**Your objective**
Across the records below, how many lines include the word "this"? State only the number.

**The records**
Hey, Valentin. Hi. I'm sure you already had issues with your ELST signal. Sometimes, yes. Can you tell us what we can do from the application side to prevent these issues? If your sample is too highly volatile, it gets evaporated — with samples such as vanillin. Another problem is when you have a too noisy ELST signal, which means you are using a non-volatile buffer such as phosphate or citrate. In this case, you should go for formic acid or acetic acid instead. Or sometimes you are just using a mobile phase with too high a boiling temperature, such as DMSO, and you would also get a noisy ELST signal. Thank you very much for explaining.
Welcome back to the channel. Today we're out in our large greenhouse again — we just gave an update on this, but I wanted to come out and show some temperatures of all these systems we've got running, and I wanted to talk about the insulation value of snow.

---

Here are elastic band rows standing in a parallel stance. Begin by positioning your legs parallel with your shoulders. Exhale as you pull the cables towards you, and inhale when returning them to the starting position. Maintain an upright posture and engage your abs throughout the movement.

**Exercise result**
2